When a statute is written by legislators, the written meaning of that statute becomes law. The only means the written meaning of that law can change is by:
1. An amendment by the legislative body.
2. A court interpretation of the law that clarifies ambiguities open to interpretation.
3. A court rejection of the law based on constitutional or common law grounds where the statute, as written, violates codified legal rights.
In the absence of an appellate court decision that applies points 2 or 3, the statute stands precisely as written.
Now, if you want to assert that the statute does not stand as written and a conviction would not survive an appeal, you are the one making the claim that is unsubstantiated in law. That means that you have an obligation to back up your assertion by finding an appellate decision that substantiates your point.
Under no circumstances do I have to prove there isn't one (not to mention the silliness to trying to tell me to disprove the existence of something that may not exist). If a defense attorney or an accused wanted to argue the application is invalid, they would have to do exactly what you have to do - prove the statute as written is invalid.

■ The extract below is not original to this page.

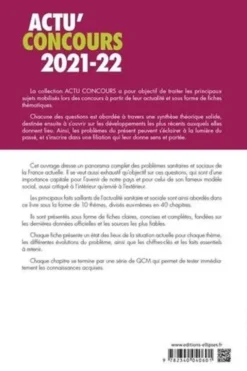 Thèmes sanitaires et sociaux. Cours et QCM, Edition 2021-2022, Nicolas Brault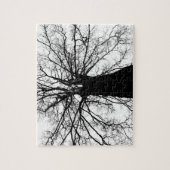 Silhouette in zwart-wit legpuzzel (Verticaal)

If your point is that a court would overturn the verdict, as you've stated (with no grounds other than a mistaken interpretation of "spirit" and "letter" - for that argument to apply, one would have to show that legislators did not intend for first-degree murder convictions to result in this case, which would require a statement of intent in the legislation itself), the obligation is on you to show the grounds under which it would do so. You are pulling a luis and making claims about how a process works without backing it up. I have nothing to back up in this scenario - the statute applies unless a person challenging i (i.e. you) can prove it doesn't.
EDIT: And no, I am not spending my time researching appellate decisions for you. If you want to assert this would not survive an appeal, the onus is on you to show why that is the case - this is how Common Law systems work. I look forward to seeing the evidence used to back up your claims thus far in this thread.
EDIT2: And while I remember, so long as a statute is codified in law, it is not necessary to show a conviction has ever been secured under it to prove it valid. If a law is on the books and has not been amended, repealed, or interpreted by case law, it can be used as a valid charge without any sort of precedent whatsoever. So no, I don't have to prove a conviction has been secured, either.